## Exercise prompt
Restate the whole of the data verbatim, omitting nothing.

## Data
*****
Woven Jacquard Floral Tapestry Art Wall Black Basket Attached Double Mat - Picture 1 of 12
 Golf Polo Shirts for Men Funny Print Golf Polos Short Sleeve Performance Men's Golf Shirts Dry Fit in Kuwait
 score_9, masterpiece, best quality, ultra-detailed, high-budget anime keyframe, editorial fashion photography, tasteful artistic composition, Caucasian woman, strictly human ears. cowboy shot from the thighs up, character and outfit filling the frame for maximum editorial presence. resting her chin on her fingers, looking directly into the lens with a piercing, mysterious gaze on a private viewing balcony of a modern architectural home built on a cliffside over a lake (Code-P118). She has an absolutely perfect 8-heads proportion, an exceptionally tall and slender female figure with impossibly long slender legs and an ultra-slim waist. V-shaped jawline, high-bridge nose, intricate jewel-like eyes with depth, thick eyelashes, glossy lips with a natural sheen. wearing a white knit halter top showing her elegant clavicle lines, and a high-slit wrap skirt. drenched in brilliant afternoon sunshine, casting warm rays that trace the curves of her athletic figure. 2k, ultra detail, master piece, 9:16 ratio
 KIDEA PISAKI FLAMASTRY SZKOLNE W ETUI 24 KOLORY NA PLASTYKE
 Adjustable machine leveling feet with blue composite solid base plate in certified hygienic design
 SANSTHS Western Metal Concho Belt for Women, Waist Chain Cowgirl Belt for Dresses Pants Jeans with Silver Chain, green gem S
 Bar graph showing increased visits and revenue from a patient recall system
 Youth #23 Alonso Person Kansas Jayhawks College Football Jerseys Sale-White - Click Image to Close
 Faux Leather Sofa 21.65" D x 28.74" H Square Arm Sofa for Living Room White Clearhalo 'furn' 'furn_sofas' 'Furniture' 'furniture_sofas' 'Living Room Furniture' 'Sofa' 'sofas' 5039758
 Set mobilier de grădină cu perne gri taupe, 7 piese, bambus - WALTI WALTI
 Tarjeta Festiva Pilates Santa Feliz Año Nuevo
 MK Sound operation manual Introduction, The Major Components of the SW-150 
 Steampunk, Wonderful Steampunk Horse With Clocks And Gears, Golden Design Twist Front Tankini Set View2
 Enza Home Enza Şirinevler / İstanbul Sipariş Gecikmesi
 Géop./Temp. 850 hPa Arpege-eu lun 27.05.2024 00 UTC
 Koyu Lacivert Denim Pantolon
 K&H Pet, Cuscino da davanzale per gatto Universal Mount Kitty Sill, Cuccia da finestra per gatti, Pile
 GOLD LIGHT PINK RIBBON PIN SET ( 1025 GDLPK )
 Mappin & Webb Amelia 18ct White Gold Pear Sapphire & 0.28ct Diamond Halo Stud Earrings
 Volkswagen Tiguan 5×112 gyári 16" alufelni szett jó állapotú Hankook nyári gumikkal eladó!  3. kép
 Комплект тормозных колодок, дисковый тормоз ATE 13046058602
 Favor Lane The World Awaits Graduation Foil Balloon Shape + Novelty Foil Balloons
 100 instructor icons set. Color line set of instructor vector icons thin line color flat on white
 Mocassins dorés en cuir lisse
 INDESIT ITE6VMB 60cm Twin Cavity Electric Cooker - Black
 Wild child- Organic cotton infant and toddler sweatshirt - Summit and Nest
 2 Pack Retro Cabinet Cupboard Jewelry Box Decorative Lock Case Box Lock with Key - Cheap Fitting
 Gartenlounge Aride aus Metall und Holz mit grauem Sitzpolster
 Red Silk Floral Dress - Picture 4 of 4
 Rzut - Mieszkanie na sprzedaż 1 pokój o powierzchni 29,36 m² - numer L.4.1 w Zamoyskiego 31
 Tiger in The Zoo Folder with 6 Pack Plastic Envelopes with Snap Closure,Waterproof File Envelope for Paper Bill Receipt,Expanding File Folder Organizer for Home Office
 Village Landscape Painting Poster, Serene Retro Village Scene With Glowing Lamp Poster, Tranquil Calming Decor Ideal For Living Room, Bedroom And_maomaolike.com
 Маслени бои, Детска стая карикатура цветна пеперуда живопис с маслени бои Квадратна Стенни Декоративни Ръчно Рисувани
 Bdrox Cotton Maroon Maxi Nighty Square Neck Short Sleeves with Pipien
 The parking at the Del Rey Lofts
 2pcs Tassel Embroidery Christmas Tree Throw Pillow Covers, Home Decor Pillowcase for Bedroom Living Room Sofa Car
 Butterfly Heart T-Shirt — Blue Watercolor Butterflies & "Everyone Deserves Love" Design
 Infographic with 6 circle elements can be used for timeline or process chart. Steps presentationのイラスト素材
*****
## Reply
Woven Jacquard Floral Tapestry Art Wall Black Basket Attached Double Mat - Picture 1 of 12
 Golf Polo Shirts for Men Funny Print Golf Polos Short Sleeve Performance Men's Golf Shirts Dry Fit in Kuwait
 score_9, masterpiece, best quality, ultra-detailed, high-budget anime keyframe, editorial fashion photography, tasteful artistic composition, Caucasian woman, strictly human ears. cowboy shot from the thighs up, character and outfit filling the frame for maximum editorial presence. resting her chin on her fingers, looking directly into the lens with a piercing, mysterious gaze on a private viewing balcony of a modern architectural home built on a cliffside over a lake (Code-P118). She has an absolutely perfect 8-heads proportion, an exceptionally tall and slender female figure with impossibly long slender legs and an ultra-slim waist. V-shaped jawline, high-bridge nose, intricate jewel-like eyes with depth, thick eyelashes, glossy lips with a natural sheen. wearing a white knit halter top showing her elegant clavicle lines, and a high-slit wrap skirt. drenched in brilliant afternoon sunshine, casting warm rays that trace the curves of her athletic figure. 2k, ultra detail, master piece, 9:16 ratio
 KIDEA PISAKI FLAMASTRY SZKOLNE W ETUI 24 KOLORY NA PLASTYKE
 Adjustable machine leveling feet with blue composite solid base plate in certified hygienic design
 SANSTHS Western Metal Concho Belt for Women, Waist Chain Cowgirl Belt for Dresses Pants Jeans with Silver Chain, green gem S
 Bar graph showing increased visits and revenue from a patient recall system
 Youth #23 Alonso Person Kansas Jayhawks College Football Jerseys Sale-White - Click Image to Close
 Faux Leather Sofa 21.65" D x 28.74" H Square Arm Sofa for Living Room White Clearhalo 'furn' 'furn_sofas' 'Furniture' 'furniture_sofas' 'Living Room Furniture' 'Sofa' 'sofas' 5039758
 Set mobilier de grădină cu perne gri taupe, 7 piese, bambus - WALTI WALTI
 Tarjeta Festiva Pilates Santa Feliz Año Nuevo
 MK Sound operation manual Introduction, The Major Components of the SW-150 
 Steampunk, Wonderful Steampunk Horse With Clocks And Gears, Golden Design Twist Front Tankini Set View2
 Enza Home Enza Şirinevler / İstanbul Sipariş Gecikmesi
 Géop./Temp. 850 hPa Arpege-eu lun 27.05.2024 00 UTC
 Koyu Lacivert Denim Pantolon
 K&H Pet, Cuscino da davanzale per gatto Universal Mount Kitty Sill, Cuccia da finestra per gatti, Pile
 GOLD LIGHT PINK RIBBON PIN SET ( 1025 GDLPK )
 Mappin & Webb Amelia 18ct White Gold Pear Sapphire & 0.28ct Diamond Halo Stud Earrings
 Volkswagen Tiguan 5×112 gyári 16" alufelni szett jó állapotú Hankook nyári gumikkal eladó!  3. kép
 Комплект тормозных колодок, дисковый тормоз ATE 13046058602
 Favor Lane The World Awaits Graduation Foil Balloon Shape + Novelty Foil Balloons
 100 instructor icons set. Color line set of instructor vector icons thin line color flat on white
 Mocassins dorés en cuir lisse
 INDESIT ITE6VMB 60cm Twin Cavity Electric Cooker - Black
 Wild child- Organic cotton infant and toddler sweatshirt - Summit and Nest
 2 Pack Retro Cabinet Cupboard Jewelry Box Decorative Lock Case Box Lock with Key - Cheap Fitting
 Gartenlounge Aride aus Metall und Holz mit grauem Sitzpolster
 Red Silk Floral Dress - Picture 4 of 4
 Rzut - Mieszkanie na sprzedaż 1 pokój o powierzchni 29,36 m² - numer L.4.1 w Zamoyskiego 31
 Tiger in The Zoo Folder with 6 Pack Plastic Envelopes with Snap Closure,Waterproof File Envelope for Paper Bill Receipt,Expanding File Folder Organizer for Home Office
 Village Landscape Painting Poster, Serene Retro Village Scene With Glowing Lamp Poster, Tranquil Calming Decor Ideal For Living Room, Bedroom And_maomaolike.com
 Маслени бои, Детска стая карикатура цветна пеперуда живопис с маслени бои Квадратна Стенни Декоративни Ръчно Рисувани
 Bdrox Cotton Maroon Maxi Nighty Square Neck Short Sleeves with Pipien
 The parking at the Del Rey Lofts
 2pcs Tassel Embroidery Christmas Tree Throw Pillow Covers, Home Decor Pillowcase for Bedroom Living Room Sofa Car
 Butterfly Heart T-Shirt — Blue Watercolor Butterflies & "Everyone Deserves Love" Design
 Infographic with 6 circle elements can be used for timeline or process chart. Steps presentationのイラスト素材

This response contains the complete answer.